Learning the trade

2008-04-15 00:00

INNOCENT Ndlela first thought of making a double bed out of yellowwood around three years ago, but he only began to work on the idea seriously in the second half of last year.

It might seem a long time to take to make a bed, but Ndlela has only his spare time for bedmaking, working after hours in the restorer’s workshop at the Museum Service in Prince Alfred Street.

Ndlela is general assistant to Rob Scott, the Museum Service restorer. Scott is a very fine cabinet-maker who had an exhibition of his furniture in the Tatham Art Gallery last year. Ndlela was inspired by watching Scott to create something for himself. He has worked at the Museum Service since 1991 — longer than Scott.

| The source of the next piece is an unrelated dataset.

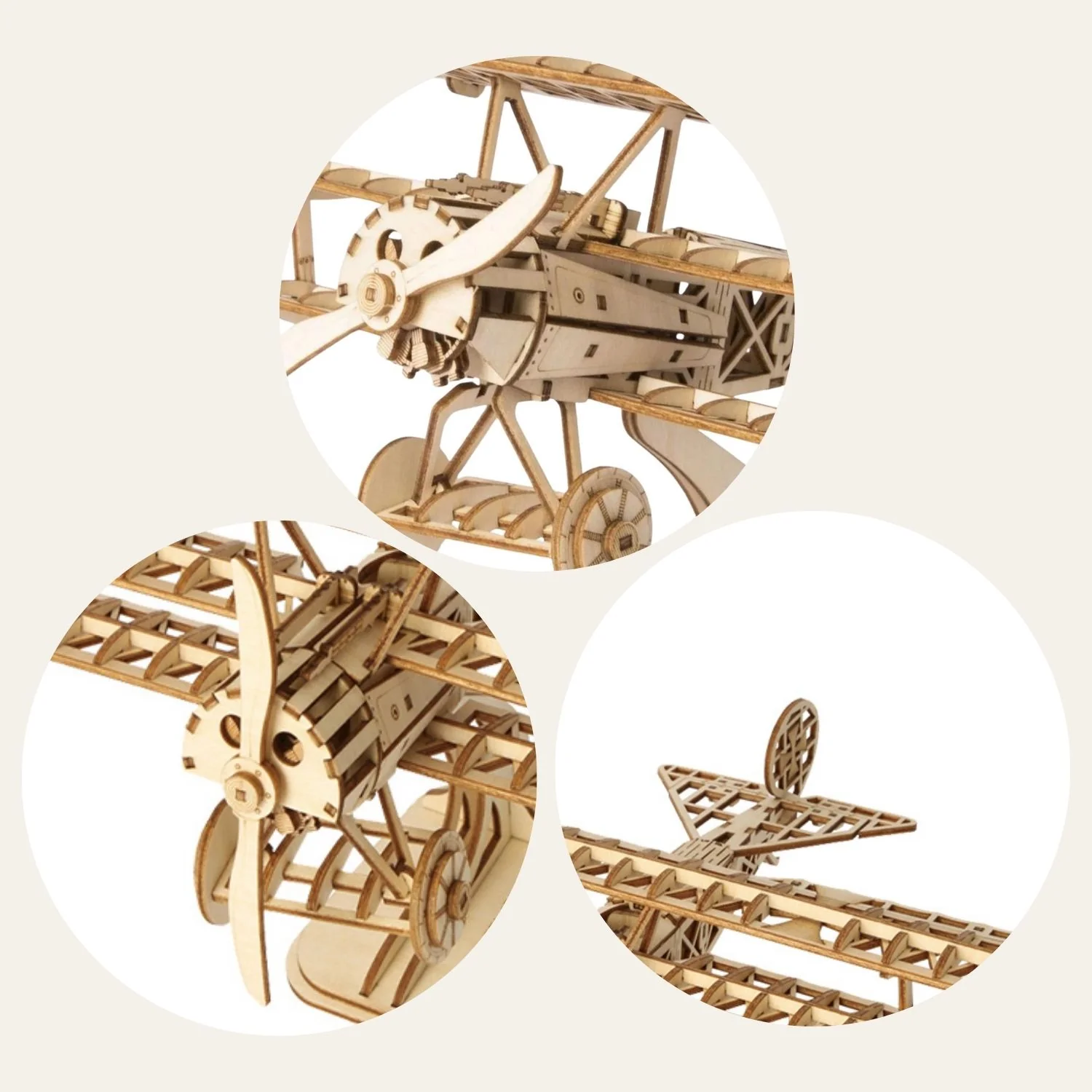 Rolife Classical - Puzzle 3D Avión Biplano Airplane - Image 4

“I still have to finish the sanding and spraying,” says Ndlela, explaining that he has made the bed so that it can be taken to pieces — important if he is going to be able to get it through doors and around corners when he finally takes it home. “And I’ll have to buy a mattress,” he says, sitting on the slats and running his hand over the swan-neck pediment on the headboard. Even unfinished, the satiny appeal of yellowwood is there.

Scott and Ndlela show me the pile of timber the wood came from — pieces saved from old buildings, often with handmade nails sticking out, each of which has to be carefully removed by Ndlela. The telltale angled sawmarks on the beams show that it was pit sawn — cut into planks in the forest where the trees were felled. “You can still see the pits in parts of the Karkloof — the timber may well have come from there originally,” says Scott, who reckons the wood was probably felled around the 1870s.

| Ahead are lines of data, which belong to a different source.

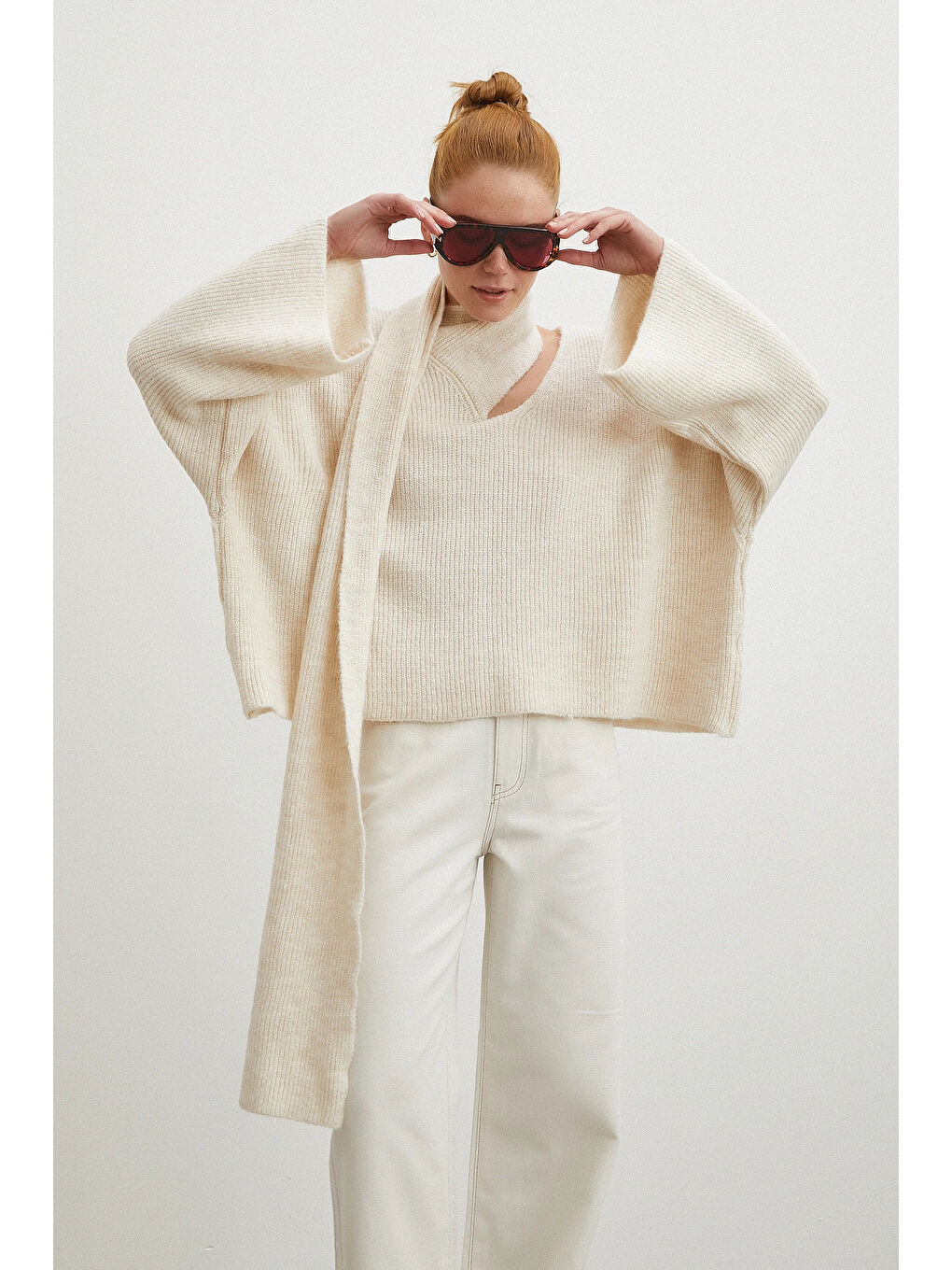 Fitilli Şal Yaka Kazak Ekru-2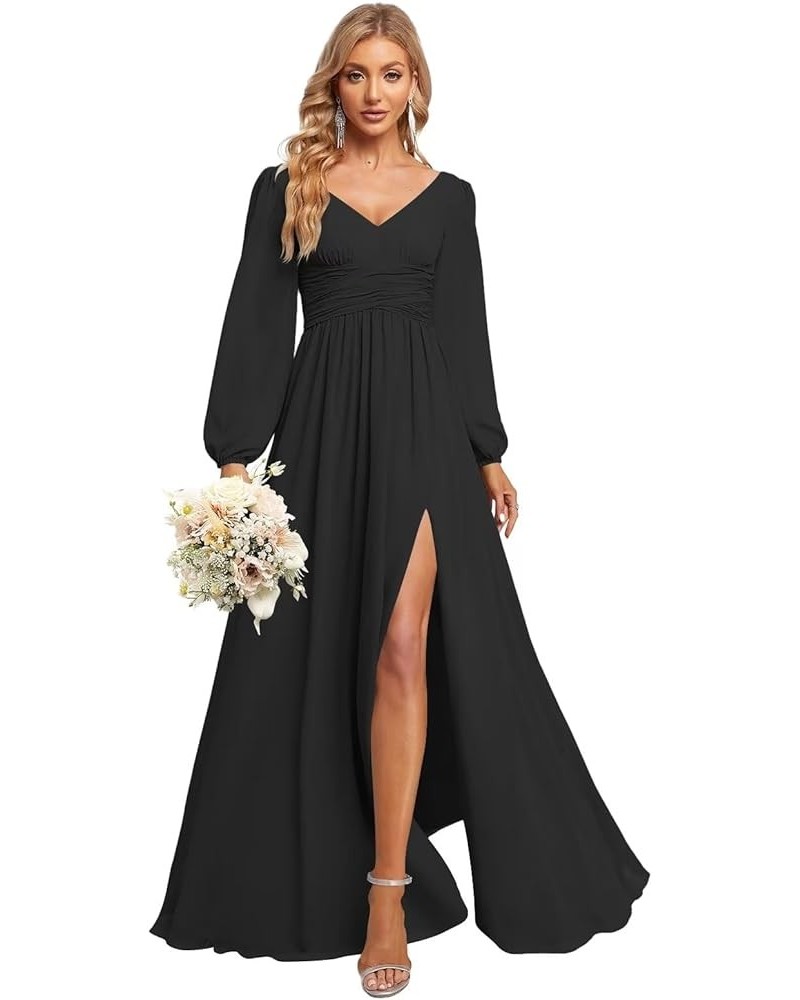 Women's Chiffon Long Sleeve Bridesmaid Dresses V Neck A-line Long Formal Gowns with Slit QA083 Black $23.22 Dresses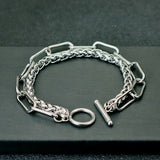 Punk Stainless Steel Double-Layer Chain Bracelet Charms OT Buckle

Before Ndlela came to the Museum Service, he worked as a gardener. But now he helps Scott and is currently busy with finishing and sanding his work — he shows me a beautifully finished wooden frame from a large tapestry that he has been working on.

He also goes with Scott to buy timber, and buys wood for himself so that he can carry on with his cabinet making. I watch the two of them looking at two old Burmese teak newel posts, and discussing where they came from. “Innocent recognises wood species — and he knows more than he is letting on,” says Scott.

“The bed is practice — I am doing this one for myself,” says Ndlela. “Then maybe I’ll make other things to sell. But first, I’ll make two bedside cabinets — and maybe a wardrobe.”

He may not be a trained cabinet-maker, but he has worked out the technical aspects of what he is doing and he has the love for wood that a craftsman needs if he is to succeed.